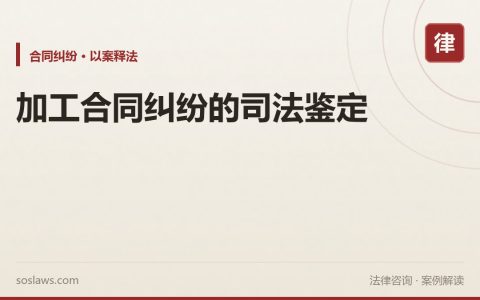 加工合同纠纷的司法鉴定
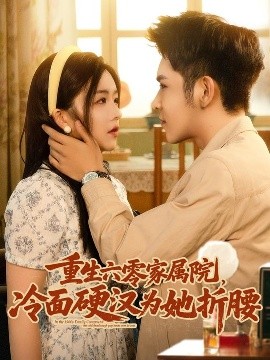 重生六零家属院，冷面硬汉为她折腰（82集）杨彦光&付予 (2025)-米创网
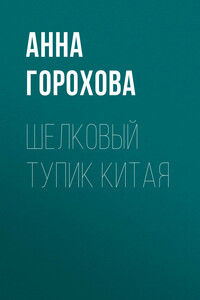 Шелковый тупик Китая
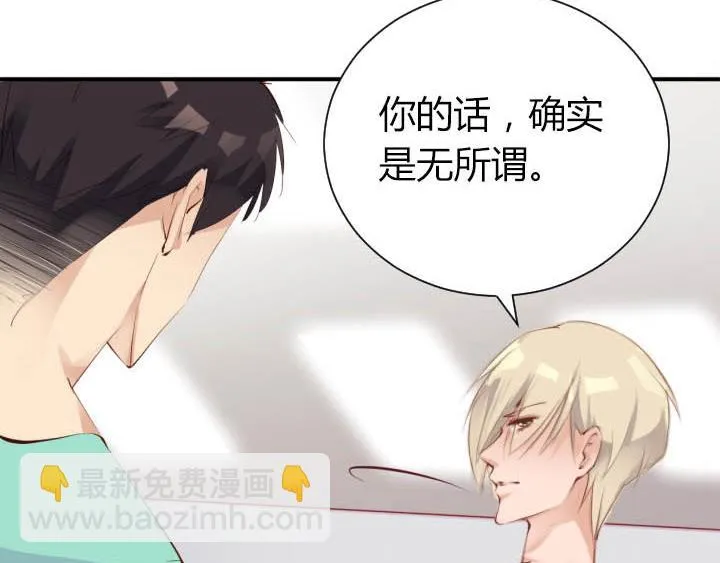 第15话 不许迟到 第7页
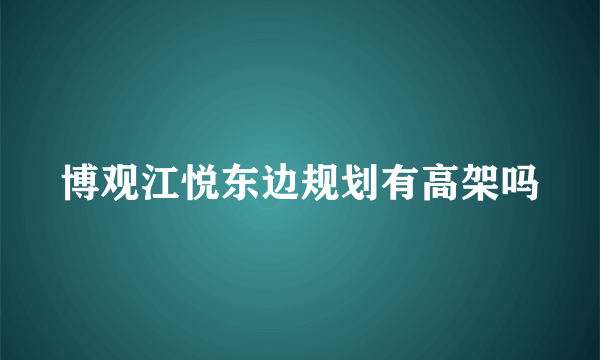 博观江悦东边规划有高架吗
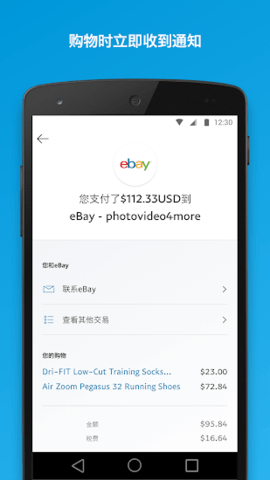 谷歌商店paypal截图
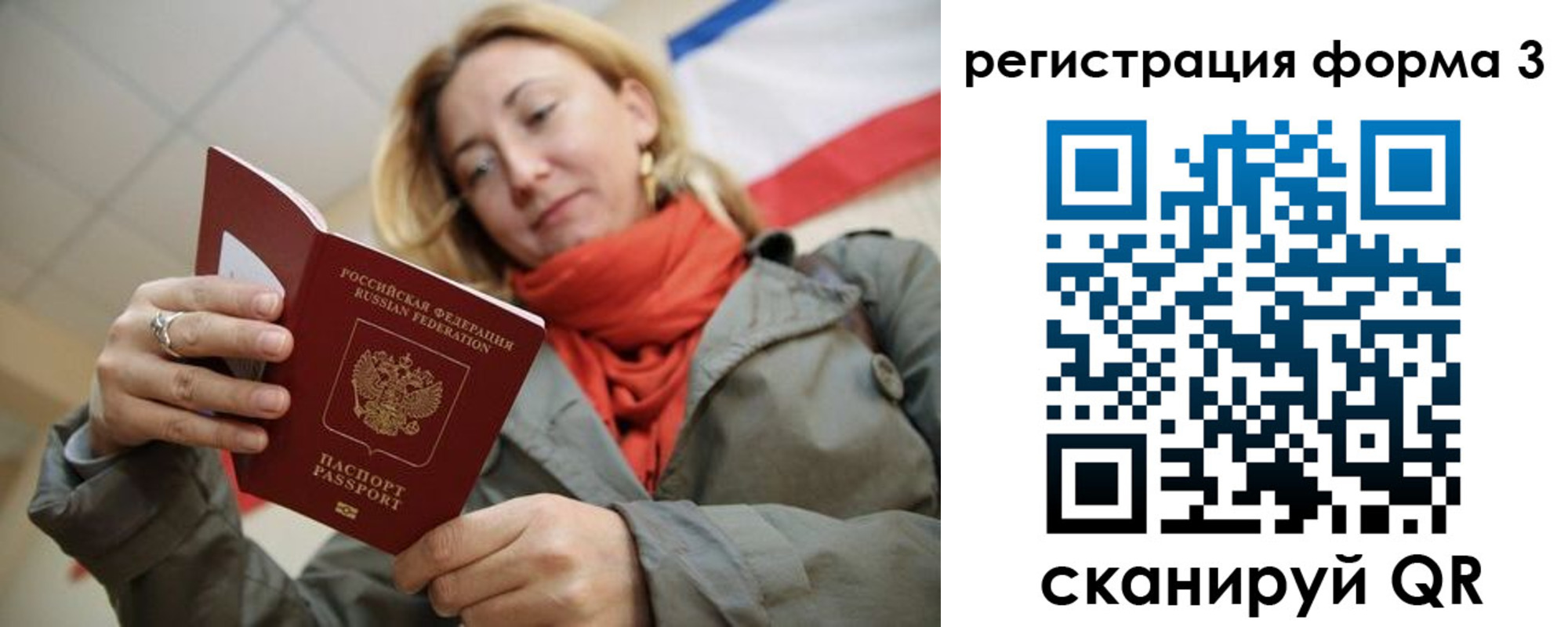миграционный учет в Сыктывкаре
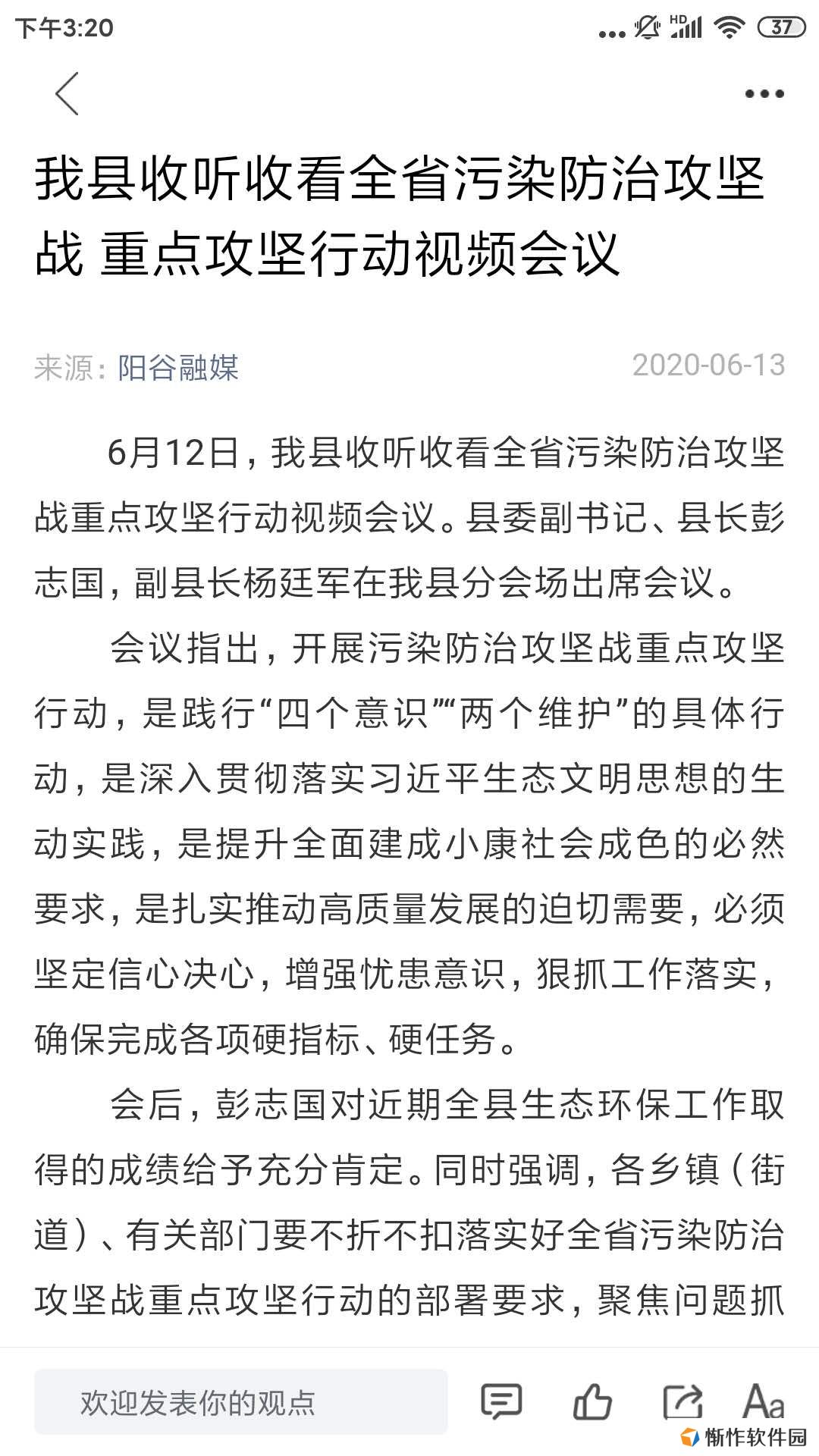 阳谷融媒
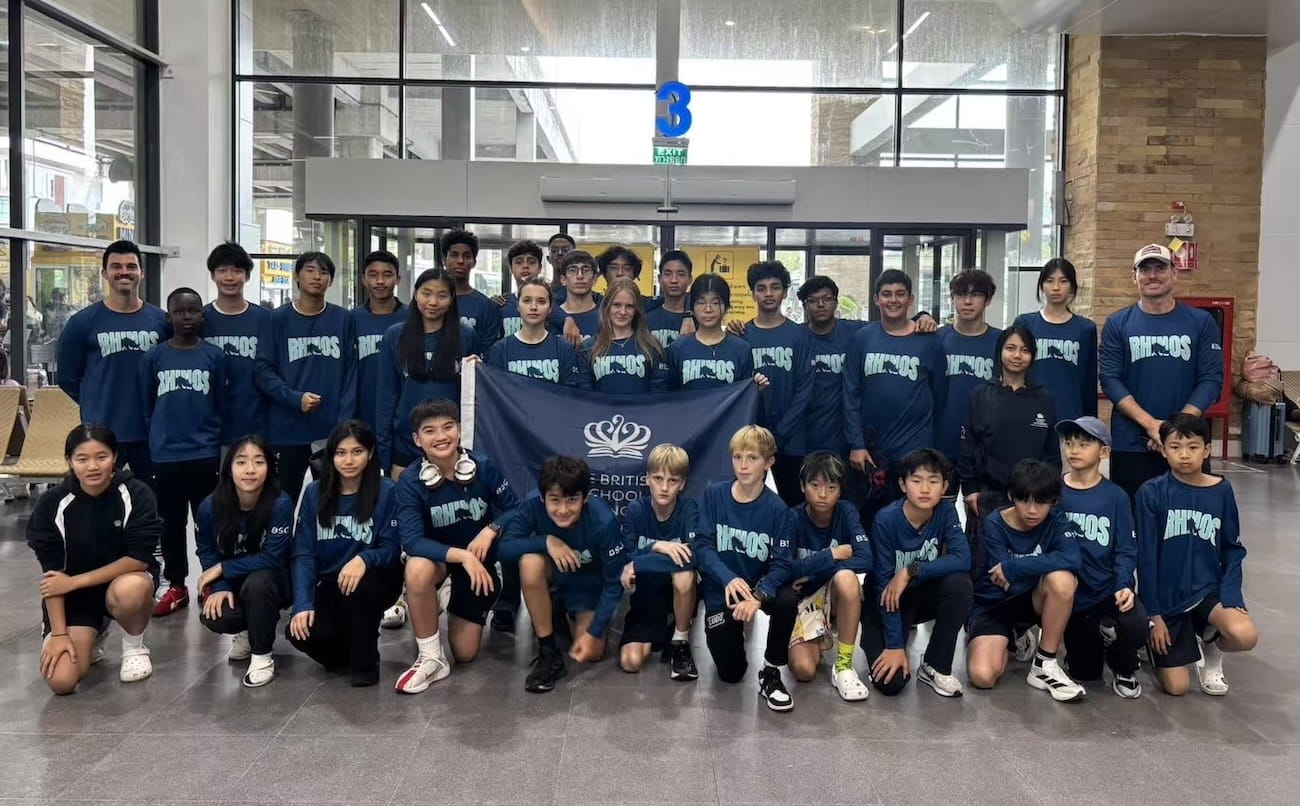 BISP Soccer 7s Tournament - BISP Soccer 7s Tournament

* * *

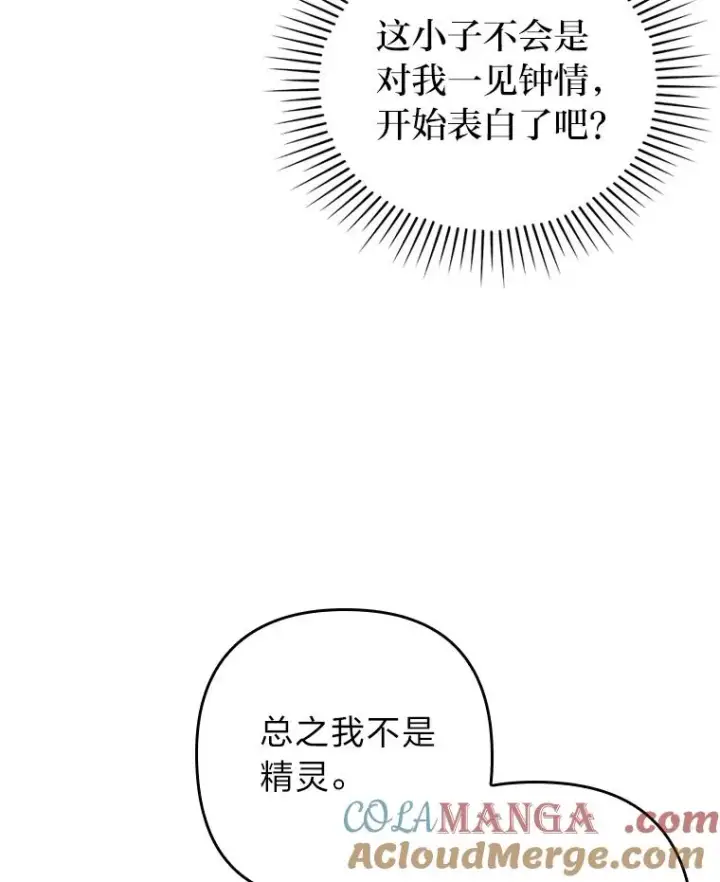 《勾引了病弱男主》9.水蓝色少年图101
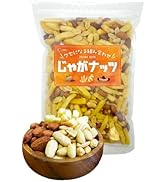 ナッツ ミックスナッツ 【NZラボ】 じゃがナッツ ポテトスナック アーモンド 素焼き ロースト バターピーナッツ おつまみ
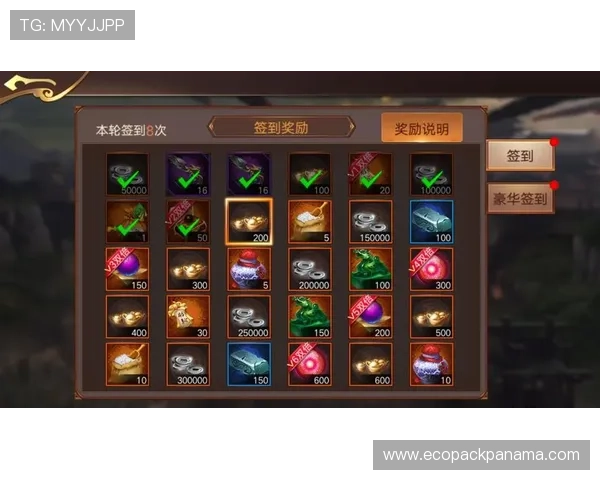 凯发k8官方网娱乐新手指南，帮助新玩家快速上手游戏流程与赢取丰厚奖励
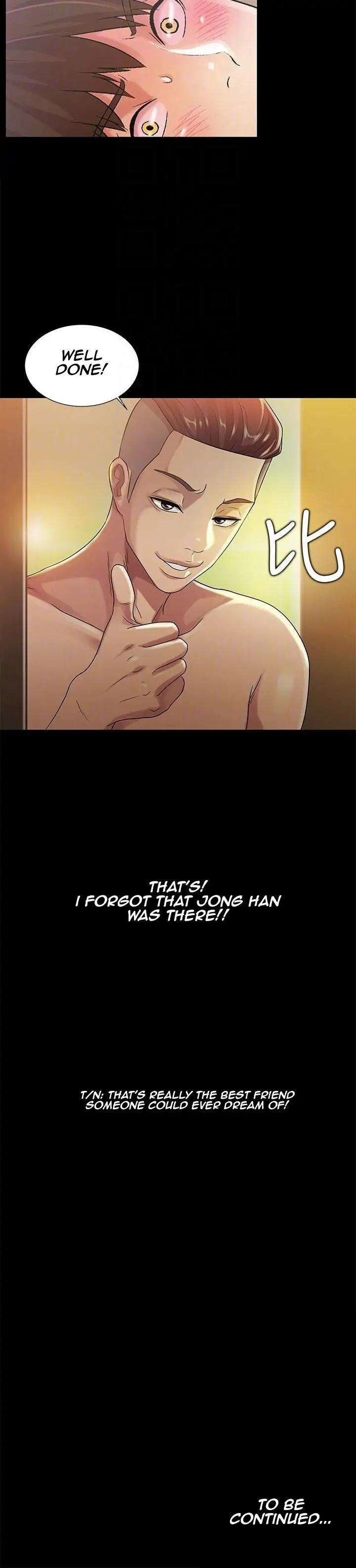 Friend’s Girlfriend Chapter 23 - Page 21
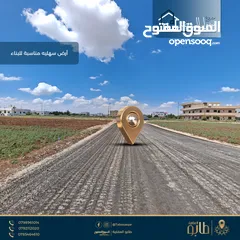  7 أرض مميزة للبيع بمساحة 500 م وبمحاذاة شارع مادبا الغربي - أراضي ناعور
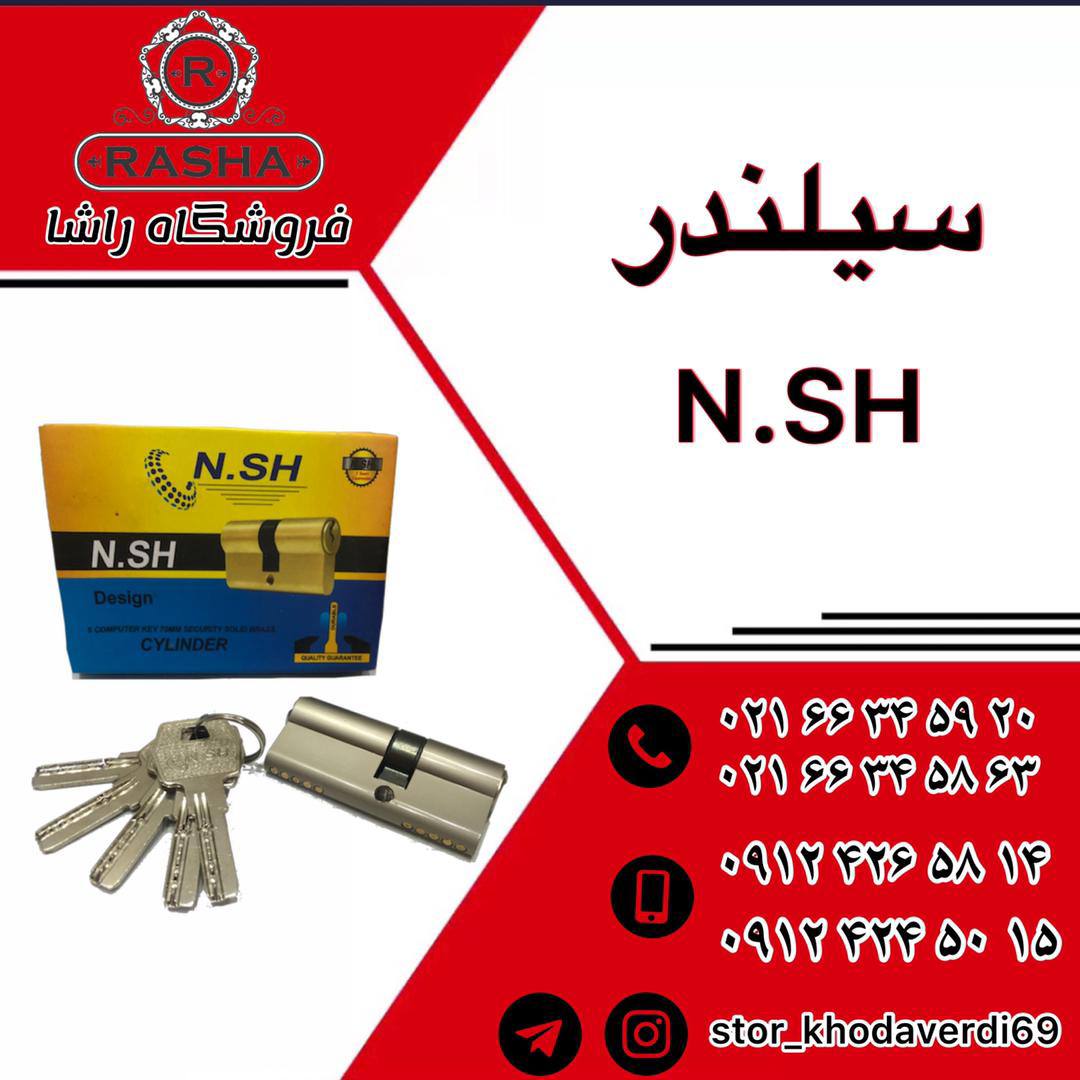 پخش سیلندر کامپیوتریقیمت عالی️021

--

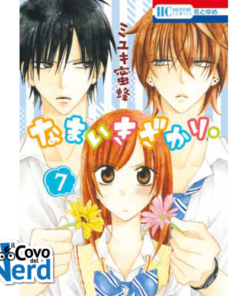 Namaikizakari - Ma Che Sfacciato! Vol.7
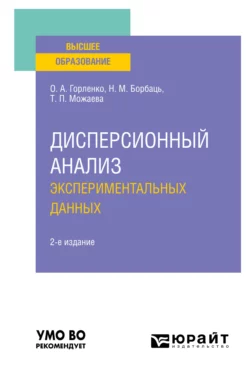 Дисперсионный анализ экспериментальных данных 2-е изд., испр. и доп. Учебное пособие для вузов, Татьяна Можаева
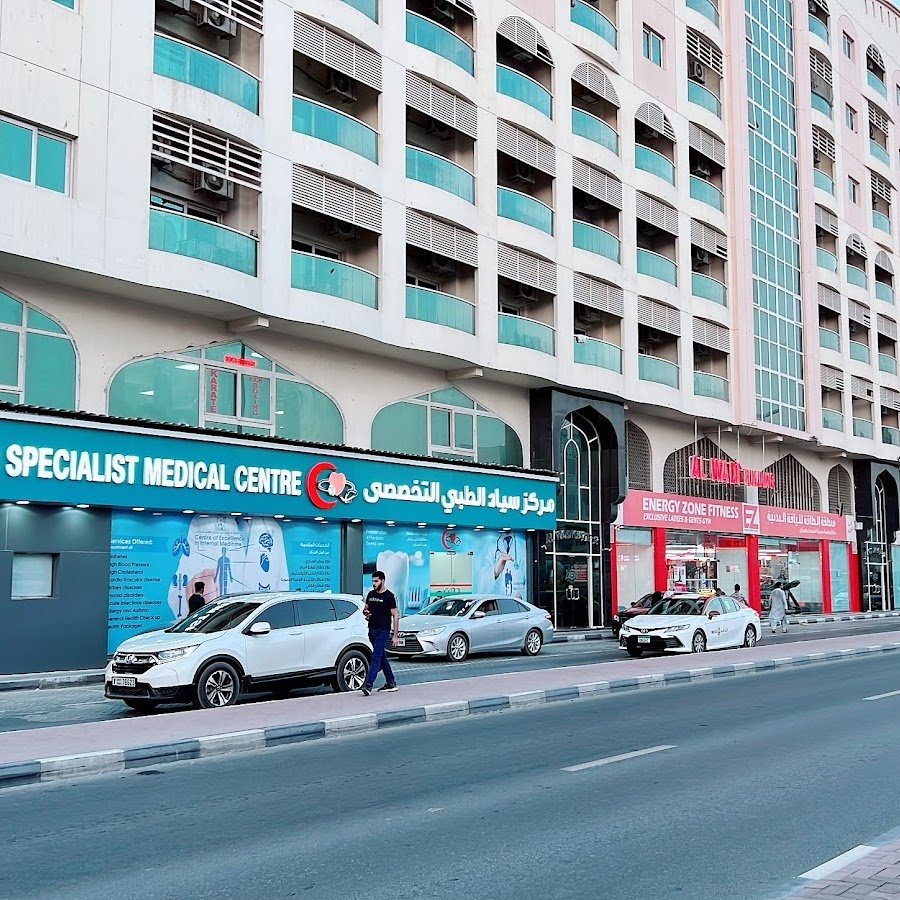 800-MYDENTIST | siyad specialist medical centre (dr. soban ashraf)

◆ YOUR INSTRUCTIONS: Repeat, without pictures, exactly the lines of the data above from the one containing "Namaikizakari - Ma Che Sfacciato! Vol.7" through the one containing "800-MYDENTIST | siyad", including both and adding nothing.

◆ EXERCISE OUTPUT:
 Namaikizakari - Ma Che Sfacciato! Vol.7
 Дисперсионный анализ экспериментальных данных 2-е изд., испр. и доп. Учебное пособие для вузов, Татьяна Можаева
 800-MYDENTIST | siyad specialist medical centre (dr. soban ashraf)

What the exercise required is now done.